Её нижняя губа задрожала, и она сердито прикусила её. Денис сдержанно ликовал.

– Ладно, мы почти на месте, – сказал он снисходительно. «Гранта» миновала автомагазин «Ни гвоздя, ни жезла», и Денис сбавил скорость. У поворота к развалюхе Мамы Киры он вывернул на встречную полосу и затормозил.

– Не хочу, чтобы кто-нибудь увидел машину с той стороны и понял, зачем я здесь, – туманно пояснил он.

Он выбрался из «Гранты» и глубоко вдохнул сентябрьский воздух, пахнущий пылью с полей, остывшей землёй, грустью по ещё одному лету, ушедшему в никуда. «В октябре мне исполнится двадцать три», – подумал Денис неизвестно, почему, и ему стало тоскливо.

Бухнула дверью Самира.
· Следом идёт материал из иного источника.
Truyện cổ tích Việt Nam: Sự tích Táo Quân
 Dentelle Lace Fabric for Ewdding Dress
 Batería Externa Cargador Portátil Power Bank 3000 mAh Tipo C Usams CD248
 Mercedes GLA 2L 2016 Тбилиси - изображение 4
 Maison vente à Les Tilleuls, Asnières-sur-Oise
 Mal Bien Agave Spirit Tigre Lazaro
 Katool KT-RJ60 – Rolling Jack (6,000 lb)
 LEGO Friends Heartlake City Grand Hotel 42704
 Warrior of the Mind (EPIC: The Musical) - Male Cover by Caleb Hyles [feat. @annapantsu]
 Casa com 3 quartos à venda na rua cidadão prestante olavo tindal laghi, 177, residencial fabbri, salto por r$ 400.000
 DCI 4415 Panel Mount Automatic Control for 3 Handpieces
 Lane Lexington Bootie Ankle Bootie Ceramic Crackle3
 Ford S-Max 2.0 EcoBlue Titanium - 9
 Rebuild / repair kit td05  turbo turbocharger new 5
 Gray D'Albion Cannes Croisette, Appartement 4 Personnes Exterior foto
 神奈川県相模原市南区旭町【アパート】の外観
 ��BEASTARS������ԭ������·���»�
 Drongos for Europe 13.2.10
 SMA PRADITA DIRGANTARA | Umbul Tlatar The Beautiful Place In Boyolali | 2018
В иной раз он бы сделал замечание. Его остановила мысль о том, что именно этого девушка и ждёт.

– Кажется, здесь, – сказал он вместо упрёка и перешёл дорогу, не дожидаясь спутницу. Та догнала его на другой стороне, пропустив грузовик «Вольво», который промчался к городу, подпрыгивая на ухабах.

Обочина, на которой они оказались, возвышалась над местностью, и с неё отчётливо виделась чёрная крыша заброшенного дома, которая горбато выпирала над зарослями дикого кустарника и бурьяна в трёх сотнях метров от трассы. Хотя день – как и вся неделя – выдался сухим, крыша казалась влажной, грязно-сырой.

Денис снял с плеча сумку и, вытащив фотоаппарат, протянул её Самире:

– Подержишь?

Девушка пренебрежительно пожала плечами, но сумку взяла.

– Осторожно, там объективы.

Он сделал несколько фотографий крыши. Подумал, что выглядеть они будут зловеще даже без ретуши. Достаточно че-бэ.

Повесив камеру на шею, он спустился к тропинке, ведущей к дому. Когда-то она была широкой и протоптанной, теперь же, сузившись, терялась в травах. Он зашагал к цели с чрезмерным энтузиазмом, призванным скрыть внезапно накатившее беспокойство. Не иначе, виной тому был рассказ Никиты. «В её присутствии всегда делалось не по себе и хотелось спрятаться», – вспомнил Денис. Эти слова прицепились к нему, как рыболовный крючок.

«Когда она поворачивалась к тебе спиной, она продолжала наблюдать за тобой».

«У неё глаза на затылке».

Впервые Денис пожалел, что затеял эту авантюру с фотосессией.

Неосознанно ища поддержки, он оглянулся. Самира шла следом, сжав губы и насупившись. Она смотрела под ноги. Желаемого спокойствия от этого зрелища Денис не получил. Ему захотелось повернуть назад, но вместо этого он продолжил путь.

Становилось холоднее – наверное, из-за близости к реке. Когда они добрались до хибары ведьмы, Денис порядком продрог. На нем была хэбэшная рубаха с длинным рукавом, джинсы и кроссовки, вполне подходящая одежда для тёплого сентябрьского денька, – но здесь, похоже, царил конец октября, словно время возле дома текло по своим правилам. Денис посмотрел на Самиру. Та была одета в футболку с лихо притоптывающей Минни Маус, и на руках девушки он заметил мурашки. Самира сердито обрывала с одежды приставшие репьи.

Забор сохранился, но деревянная калитка лежала на земле, и между досками проросла трава. Денис осторожно наступил на поваленную дверь. Доски чавкнули. Денис вошёл во двор.